- [SUPPLIED RECORDS]
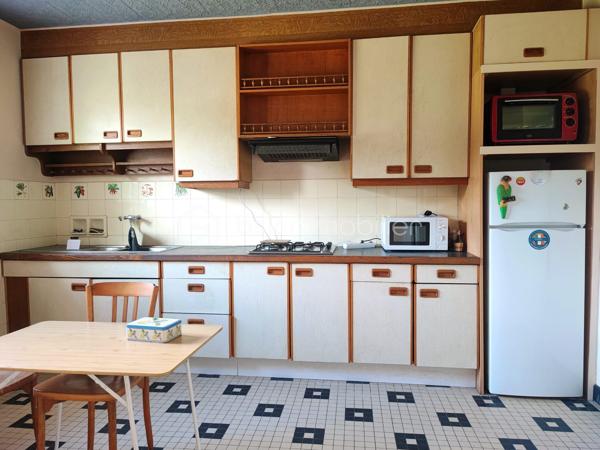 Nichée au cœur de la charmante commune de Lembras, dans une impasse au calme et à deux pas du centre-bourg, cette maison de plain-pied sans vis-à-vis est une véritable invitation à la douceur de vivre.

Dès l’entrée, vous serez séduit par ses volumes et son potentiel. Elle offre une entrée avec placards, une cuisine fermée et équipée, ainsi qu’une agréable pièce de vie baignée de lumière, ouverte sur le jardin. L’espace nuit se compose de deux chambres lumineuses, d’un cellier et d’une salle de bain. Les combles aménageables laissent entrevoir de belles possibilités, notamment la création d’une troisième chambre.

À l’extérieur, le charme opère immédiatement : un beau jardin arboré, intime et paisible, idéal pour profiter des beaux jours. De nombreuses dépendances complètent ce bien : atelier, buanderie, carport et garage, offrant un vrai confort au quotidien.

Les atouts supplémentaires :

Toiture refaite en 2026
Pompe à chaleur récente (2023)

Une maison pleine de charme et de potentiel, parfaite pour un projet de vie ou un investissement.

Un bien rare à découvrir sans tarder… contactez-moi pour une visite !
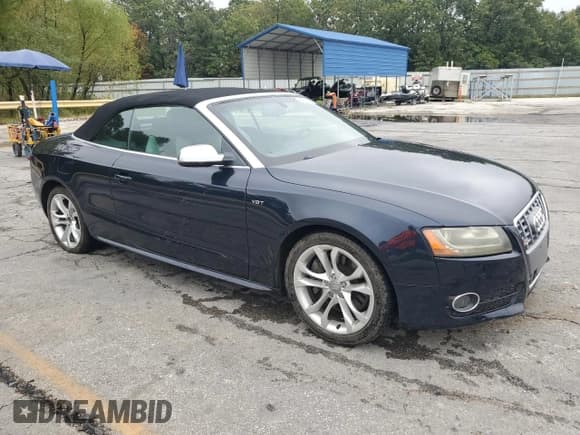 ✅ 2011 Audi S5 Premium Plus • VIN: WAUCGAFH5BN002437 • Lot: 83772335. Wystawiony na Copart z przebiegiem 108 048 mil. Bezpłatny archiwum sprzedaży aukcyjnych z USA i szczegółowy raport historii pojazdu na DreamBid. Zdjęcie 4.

- [WHAT TO PRODUCE]
From the data above, gather every line that includes the word "pour".

- [ANSWER TO THE PROBLEM]
À l’extérieur, le charme opère immédiatement : un beau jardin arboré, intime et paisible, idéal pour profiter des beaux jours. De nombreuses dépendances complètent ce bien : atelier, buanderie, carport et garage, offrant un vrai confort au quotidien.
Une maison pleine de charme et de potentiel, parfaite pour un projet de vie ou un investissement.
Un bien rare à découvrir sans tarder… contactez-moi pour une visite !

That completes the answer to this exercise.